The effort to make the customer’s experience as pleasant as possible could pay off for small businesses. Alain said he preferred independent shops to big supermarkets because of the human relations and the quality.
And a recent study by the AFRC (The French Association of Customer Relationship) showed that 96 percent of those polled find human contact important.
Nathalie, who works in the fruit and vegetable shop Verger de Provence, said that sales assistants are often the only presence in the day of the elderly. And they appreciate a friendly welcome with a smile, but also honest service.
“Especially since the crisis has made the customers much more demanding: they want things to be good, nice, and cheap,” she told Le Parisien.

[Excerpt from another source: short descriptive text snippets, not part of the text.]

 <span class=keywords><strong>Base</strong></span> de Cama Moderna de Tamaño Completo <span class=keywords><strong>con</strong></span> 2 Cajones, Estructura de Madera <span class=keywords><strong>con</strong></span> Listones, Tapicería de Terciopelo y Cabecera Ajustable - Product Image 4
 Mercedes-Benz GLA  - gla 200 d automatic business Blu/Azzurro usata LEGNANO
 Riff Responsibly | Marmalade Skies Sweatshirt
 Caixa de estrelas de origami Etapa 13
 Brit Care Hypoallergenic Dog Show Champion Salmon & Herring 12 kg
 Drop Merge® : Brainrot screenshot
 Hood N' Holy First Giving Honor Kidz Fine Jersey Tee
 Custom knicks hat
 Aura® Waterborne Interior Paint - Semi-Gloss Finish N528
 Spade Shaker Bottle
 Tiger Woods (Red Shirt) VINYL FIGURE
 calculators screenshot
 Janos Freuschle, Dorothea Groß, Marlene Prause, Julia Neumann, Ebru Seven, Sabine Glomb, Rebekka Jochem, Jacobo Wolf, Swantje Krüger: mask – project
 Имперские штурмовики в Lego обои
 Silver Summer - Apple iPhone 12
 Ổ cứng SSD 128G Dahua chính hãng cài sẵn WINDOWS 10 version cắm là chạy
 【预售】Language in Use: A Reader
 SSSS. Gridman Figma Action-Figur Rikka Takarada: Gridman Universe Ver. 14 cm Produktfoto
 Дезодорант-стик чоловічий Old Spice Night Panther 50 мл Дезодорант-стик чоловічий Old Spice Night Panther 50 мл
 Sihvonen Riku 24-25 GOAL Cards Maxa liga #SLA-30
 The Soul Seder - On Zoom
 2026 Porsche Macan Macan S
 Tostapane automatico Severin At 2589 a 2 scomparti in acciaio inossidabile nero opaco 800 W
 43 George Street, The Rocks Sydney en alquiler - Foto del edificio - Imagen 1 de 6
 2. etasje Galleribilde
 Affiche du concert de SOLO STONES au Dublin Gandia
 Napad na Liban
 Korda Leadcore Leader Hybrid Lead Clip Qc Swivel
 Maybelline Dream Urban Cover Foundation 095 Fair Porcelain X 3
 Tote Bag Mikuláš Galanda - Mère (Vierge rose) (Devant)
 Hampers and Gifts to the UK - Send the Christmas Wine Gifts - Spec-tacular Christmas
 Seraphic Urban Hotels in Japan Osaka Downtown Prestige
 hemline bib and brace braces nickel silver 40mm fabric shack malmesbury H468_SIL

To keep the programme's approved business on their best behaviour, mystery shoppers will visit from time to time.
But creating a friendly atmosphere and being polite goes both ways, and isn’t just the responsibility of the shop assistants.
Nadia, a Parisian woman, said she experienced a warmer welcome in Le Havre than in Paris but that she also “frequently gets impatient in a shop and forgets to say hello.”
This program isn’t the first to attempt to change France’s less than stellar reputation for customer service.
In early 2013, Paris’ public transport authorities targeted the behaviour of the capital’s citizens, launching a tongue-in-cheek poster campaign. It featured politeness reminder with images like a hen squawking into a mobile phone in a crowded bus or a buffalo barging into a commuter train.
In June this year the government also revealed a plan to boost tourism by being more friendly and welcoming to visitors.
Foreign minister Laurent Fabius’ tourism action plan would focus on five different areas – gastronomy and wine, sport and mountains, ecotourism, luxury and artisan work, and urban tourism.
Renovating the Gare du Nord and improving transportation to and from Charles de Gaulle were also part of the plan.